John A. Fogleman, Justice.

Laughter Lee Evans asserts three points for reversal of his conviction of possession of stolen property. He contends that errors were committed in allowing testimony relating oral statements attributed to him, in addition to admission of his written statement, in denying his motion for verdict, and in giving an instruction to the jury regarding further consideration of the case after it reported that it had been unable to reach a verdict.

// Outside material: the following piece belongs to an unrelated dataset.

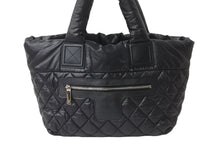 Load image into Gallery viewer, CHANEL シャネル トートバッグ コココクーン ココマーク 16番台 ブラック ナイロン レザー シルバー金具 美品 中古 56163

Appellant’s argument on appeal is somewhat different from his objection in the trial court to the testimony about the oral statement. In a hearing on the *337admissibility of appellant’s statements, the voluntary nature of the statements was conceded, and appellant’s attorney agreed that his client’s constitutional rights were protected, insofar as warnings and coercion were concerned. The objection made, after the court in a Denno hearing held the statements admissible, was that testimony about oral statements made to the officers, in addition to the written statement, should not be admitted. Appellant’s attorney, who is not representing him on appeal, contended that the admission of this testimony would violate appellant’s constitutional rights by attempts to show, by innuendo, appellant’s knowledge that the property involved, a pistol, was stolen. This attempt to engraft a constitutional “parol evidence rule” relating to written statements of accused persons upon the rules of evidence in criminal cases has been appropriately abandoned, and the attorney general was justified in not briefing this objection. In re Briefing of Criminal Cases, 234 Ark. 846, 354 S.W. 2d 740.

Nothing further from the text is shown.